The Internet facilitates deplatforming.

Prior to 1439, we had a weapons-based economy. In it, whoever owned the weapons, we’ll call them “Rock People,” made the rules. But then, the printing press made possible a knowledge-based economy. Once rulers’ subjects learned to read and lawyered up, kings could no longer utter edicts without reference to laws printed on paper.

Dissemination of knowledge in print marked a power structure change. The printed word began to challenge kings and popes. Laws and “Paperthink” prevailed over more military “Rockthink.” Soon democracy prevailed over monarchy. Rock People were smothered by a rising class of “Paper People” who eventually became the white-collar middle class.

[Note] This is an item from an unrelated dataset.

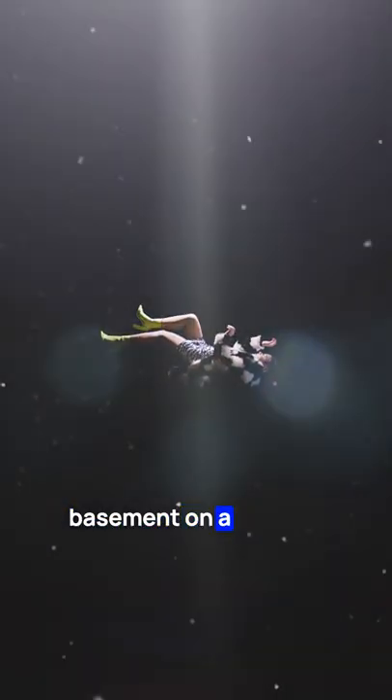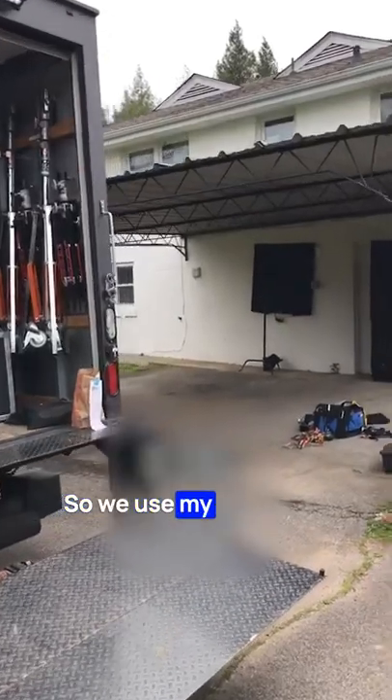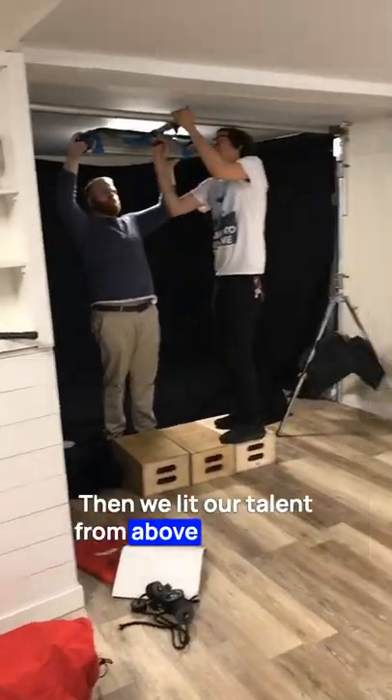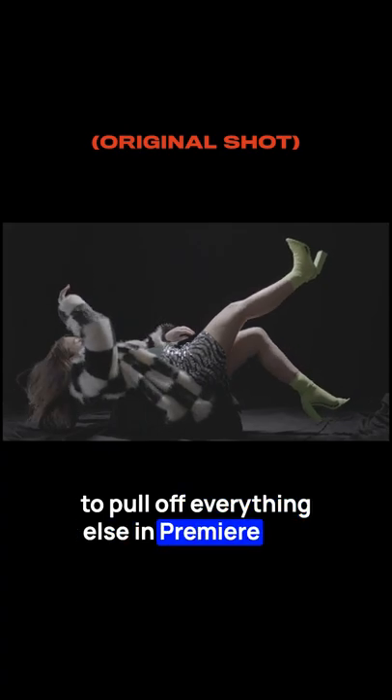Here's how we shot the scene in my basement on a budget. I was really inspired by the scene in the movie Get Out, but obviously we didn't have as big of a budget. So we used my basement and blacked out all the white walls. Then we lit our talent from above while I sat on an apple box — nothing too fancy — but we were able to pull off everything else in Premiere Pro.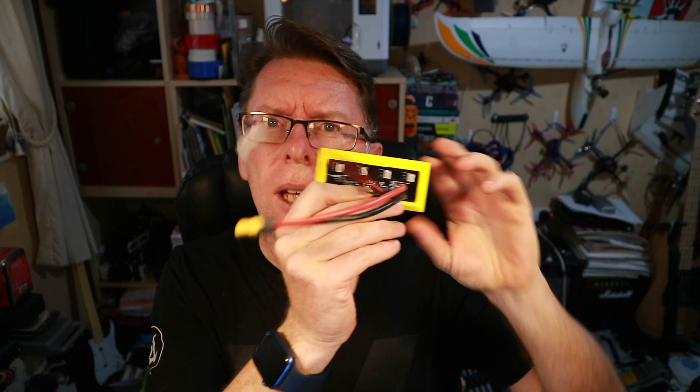Hello! Today we'll be talking about 1S batteries and storage charging thereof. This isn't the first time I've touched on storage charging 1S batteries. I did a video about this thing from the Flying Sandal which allowed you to charge or storage charge little 1S batteries.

For more than half of a millennium, the paradigm of politics itself was drawn on paper with a right side and a left side. Liberals were on the left side. Most of them were Paper People. They organized their world with pen and paper, calculations, and legislation. To the right, many conservatives kept their powder dry. Rock and Paper People learned to coexist under this paradigm. Paper People needed Rock People to protect them against evil. Rock People needed Paper People to protect them from each other.

The Internet has rewired the way people read and think.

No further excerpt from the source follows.